Im a pirate as well as I have to shut my left...but I shot my old bow better left handed than with two eyes open righty. Idk what to tell you... 

I just bought a new right handed bow so don't listen to me or you won't change ship (in the theme of pirates). 



What's a pirate's favorite letter?


----------



## MJForce (Sep 30, 2013)

Article for us cross-dominant shooters

http://www.learn-archery.com/right-or-left-hand.html

I read the article and something struck me from my past. Was walking by a ball park where two older teens were practicing pitching and catching. I asked if I could swing the bat. In my 20 yrs I had never faced a pitcher like this. Also I had never played organized ball.

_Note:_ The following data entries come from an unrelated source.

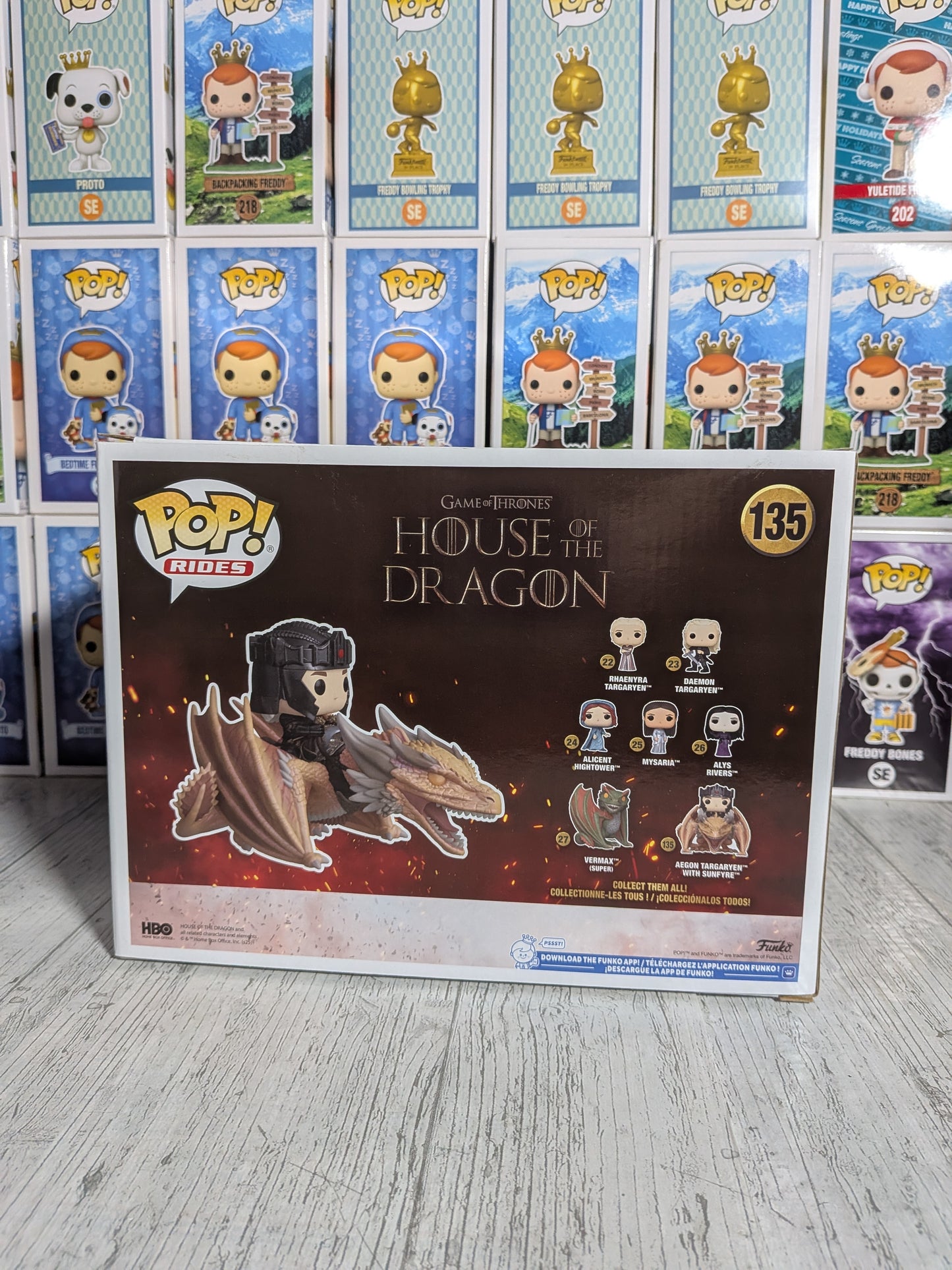 Funko Pop Rides Television #135 - Aegon Targaryen with Sunfyre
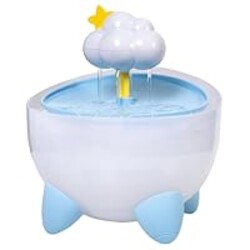 Catstages Purrfect Rain Cat Water Fountain – 2L Pet Drinking Fountain with 5-Stage Filter, Easy-to-Clean, USB Powered, Quiet Water Dispenser with Replaceable Filter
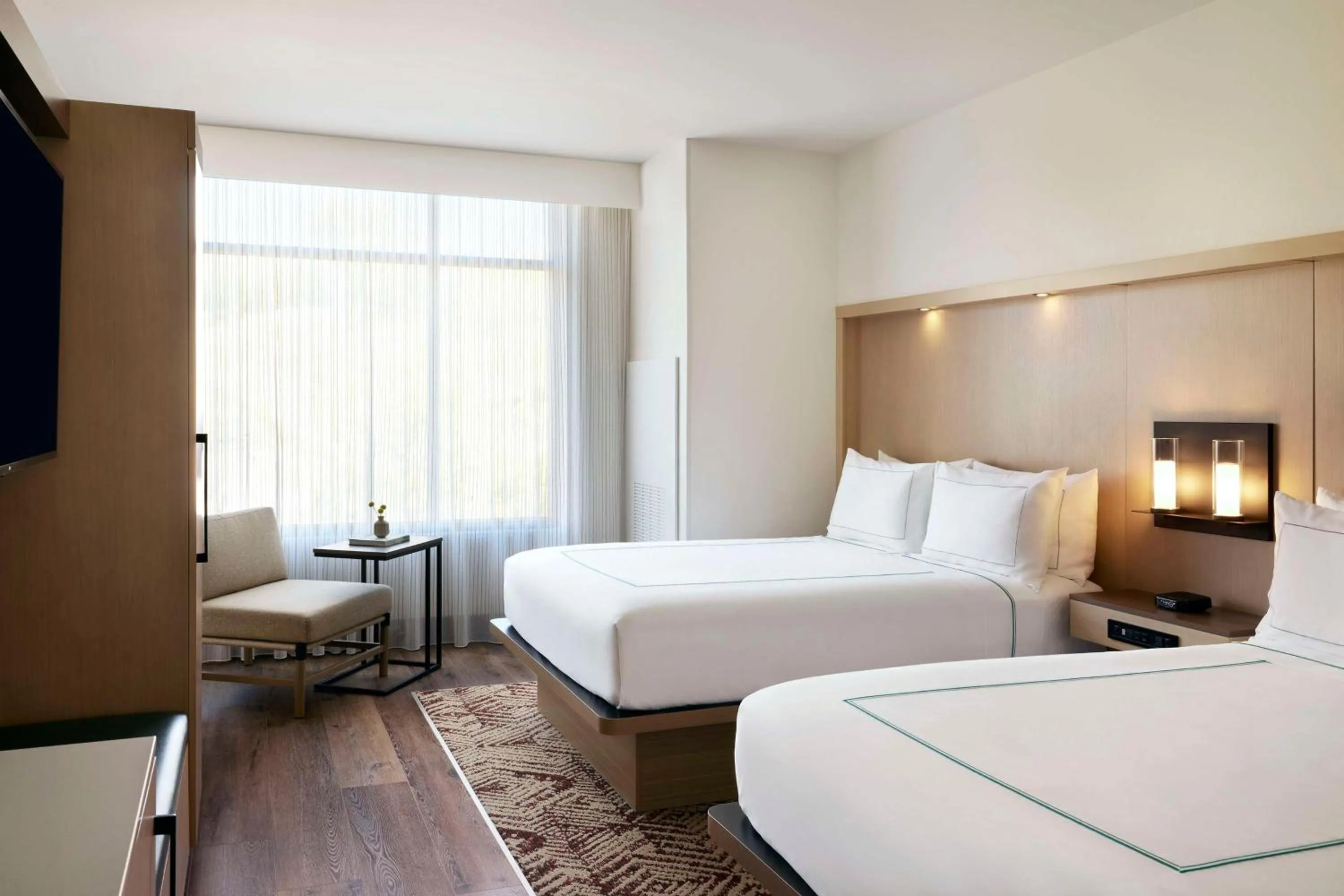 Queen Room with Two Queen Beds in The Eddy Hotel Tucson, Tapestry Collection By Hilton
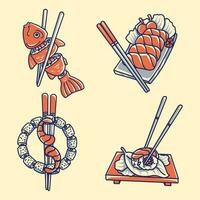 Japón comida ilustración vector Arte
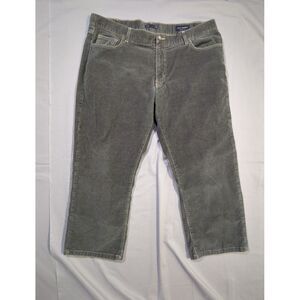 Scott Barber Mens Corduroy Pants 40 Gray Green Made in Italy 5 Straight‎ Leg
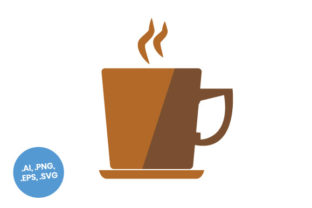 Hot Coffee Cup Flat Icon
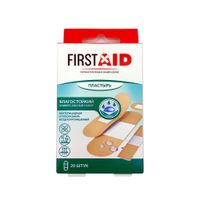 Пластырь бактерицидный влагостойкий воздухопроницаемый First Aid/Ферстэйд 20шт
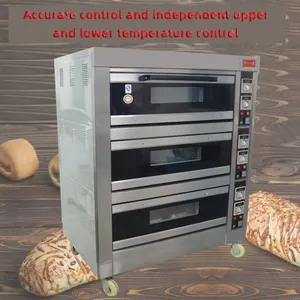 Commerciële Industriële Conventionele 2 Lagen Brander Pizza Brood Bakkerij Ovens Voor Koop Beste Vrijstaande Lage Prijs Gas Oven
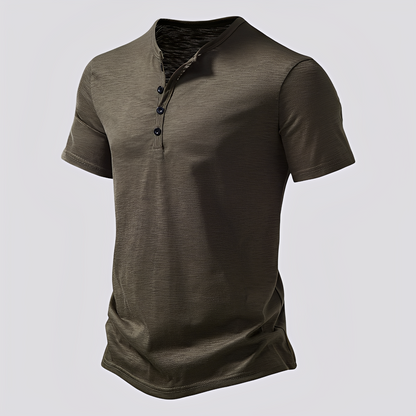 David - Casual button-up T-shirt for men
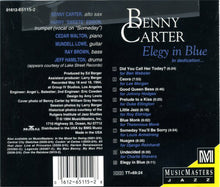 Carica l&#39;immagine nel visualizzatore di Gallery, Benny Carter : Elegy In Blue (CD, Album)

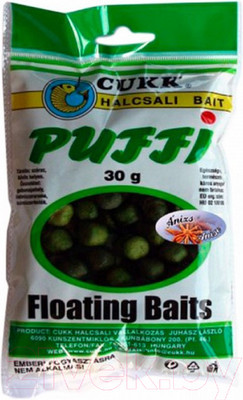 Насадка рыболовная CUKK Puffi Small Анис 4910 (зеленый 30г)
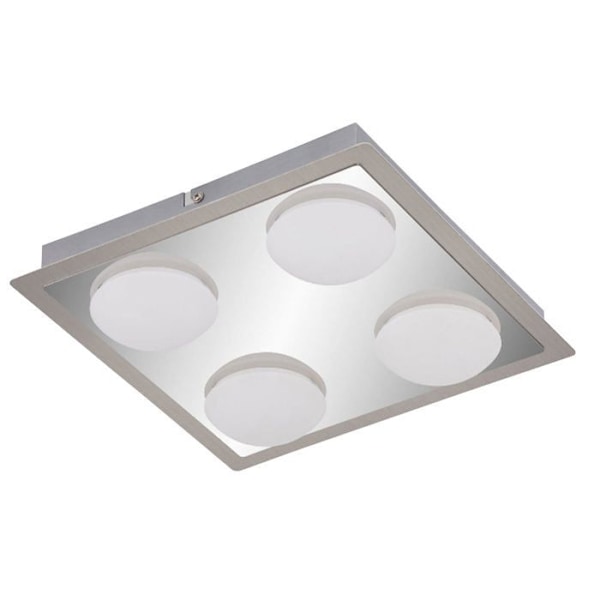 LED-kattovalaisin Briloner, kylpyhuoneen lamppu, 4-valoisen lamppukannan kanssa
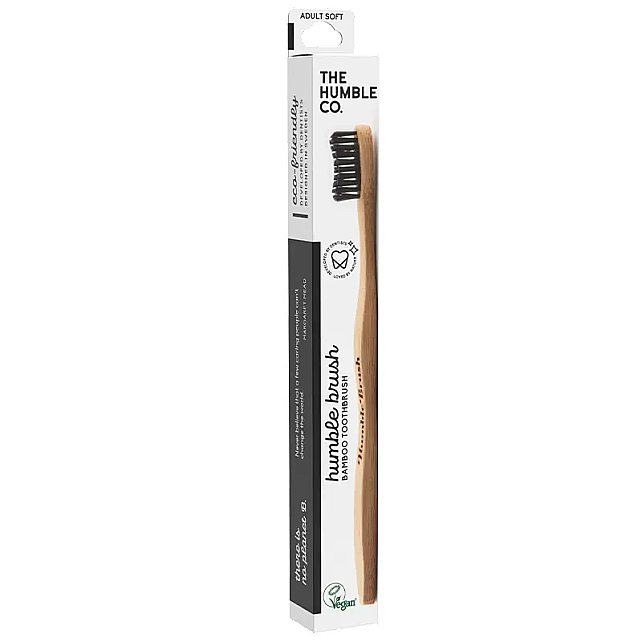 The Humble Co. %100 Doğal Bambu Charcoal Yetişkin İçin Diş Fırçası - Siyah - 2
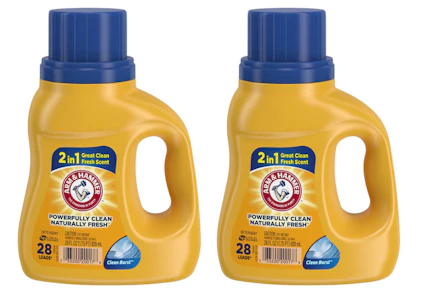 2 Arm & Hammer Laundry Items
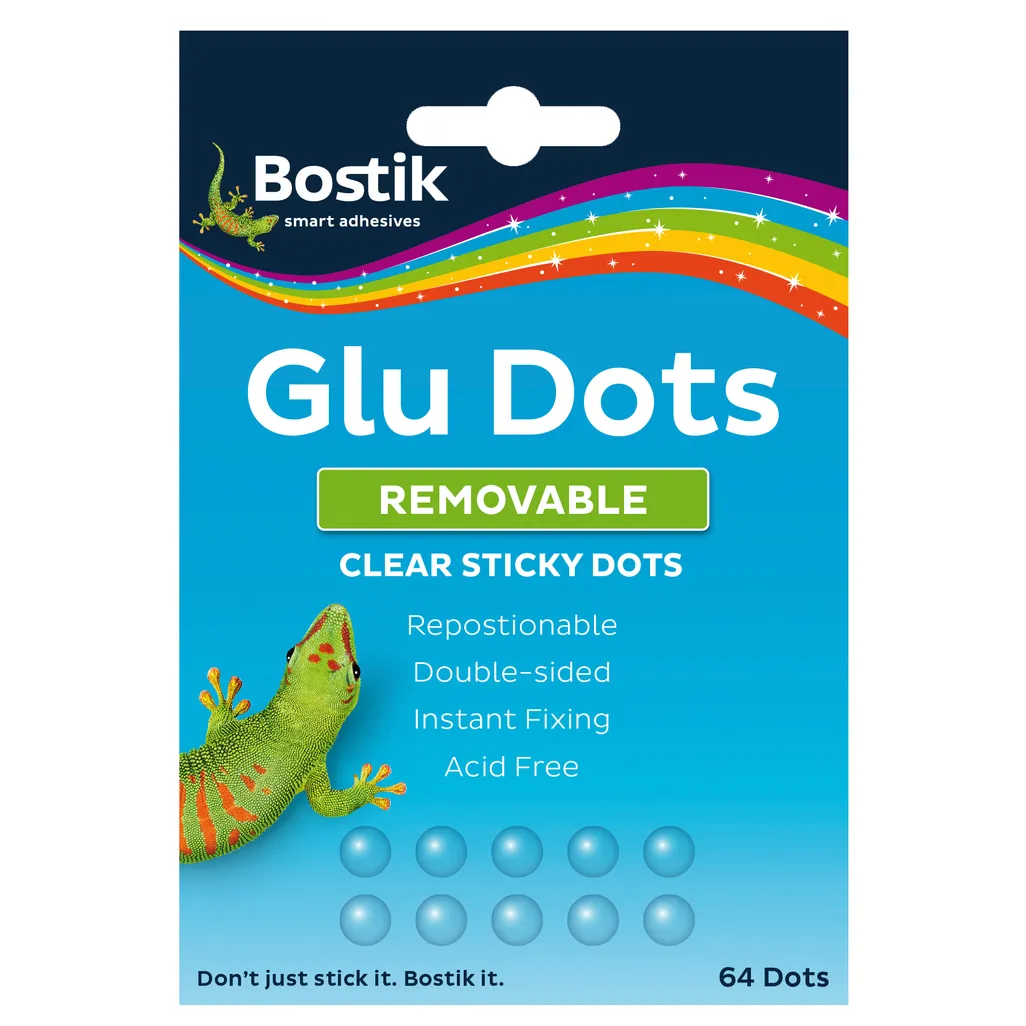 glue dots - removable - clear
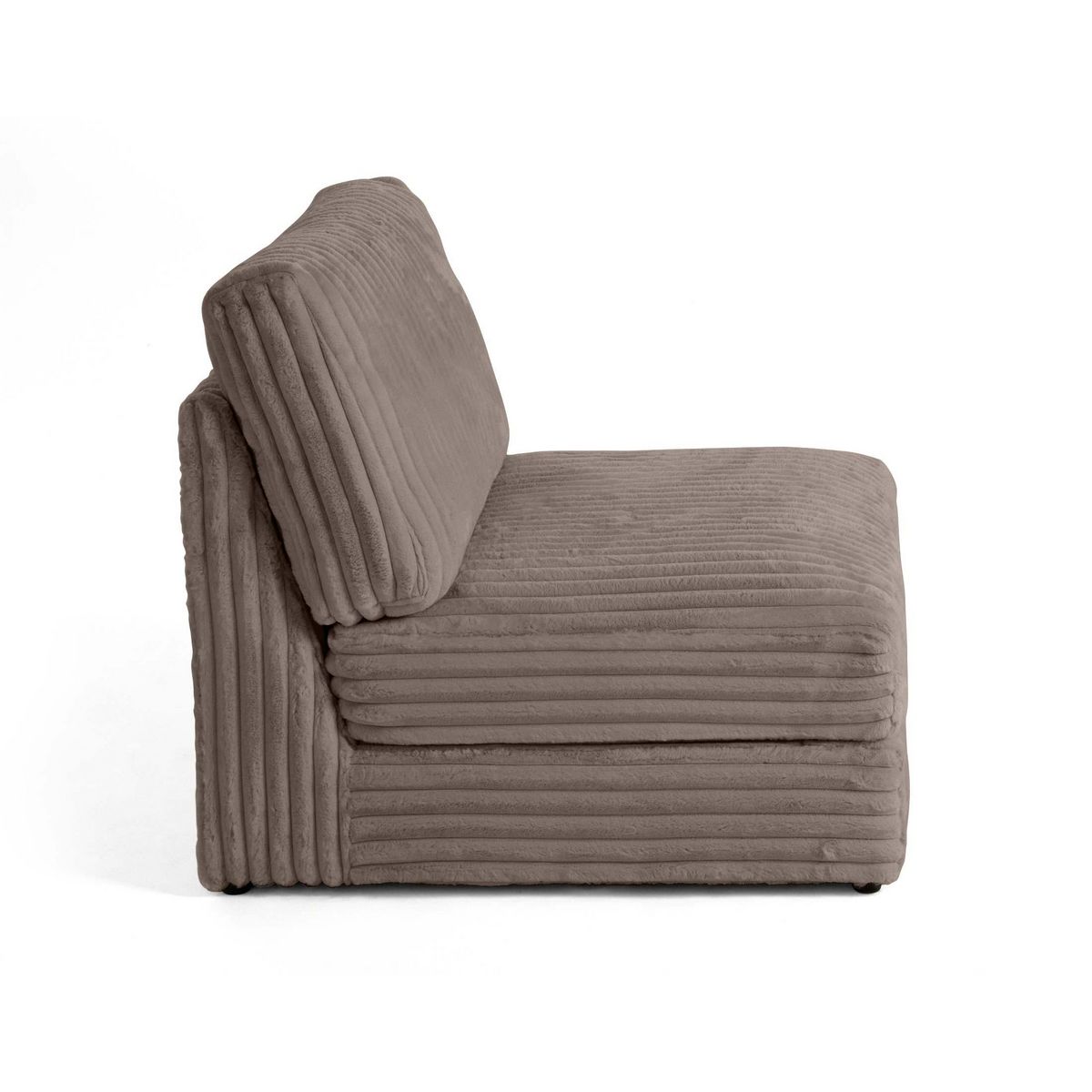 LISA DESIGN Jasper - module d'assise - en fausse fourrure côtelée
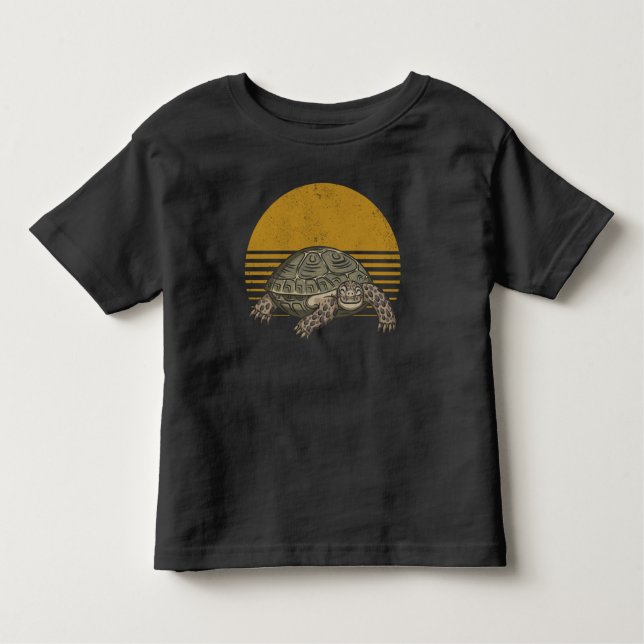Camiseta Infantil Tartaruga De Vintage (Frente)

So I'm at the plate and I start thinking about getting beaned in the head by this guy. It looks like he's going to teach me a lesson and now I'm worried. Too late now, there I was. Here comes the pitch. It was like the ball hovered over the hit zone when I made contact. We all watch the ball sail out of the park and towards the highway. The ball finally landed on the lower edge of the back window of a police cruiser. The cop, who was standing next to a car he had pulled over, looked over towards the noise of the impact but didn't seem aware that his rear window had just shattered. I dropped the bat and walked away. 
10 yrs latter I played some slo-pitch ball and I'm embarrassed to say what my batting avg. was. And as you may know, you don't track stats in slo-pitch. 
So we should have been ball players. Our cross-dominance would have made us $millions. 

Besides being left-eye dom and right handed, I am also cursed with green eyes.


----------



## jdjp (Dec 11, 2013)

Wait! What green eyes are a bad thing! Maybe that's my problem. After this weekends tourney I'm gonna try shooting with both eyes closed. Maybe that will help.:wink:


----------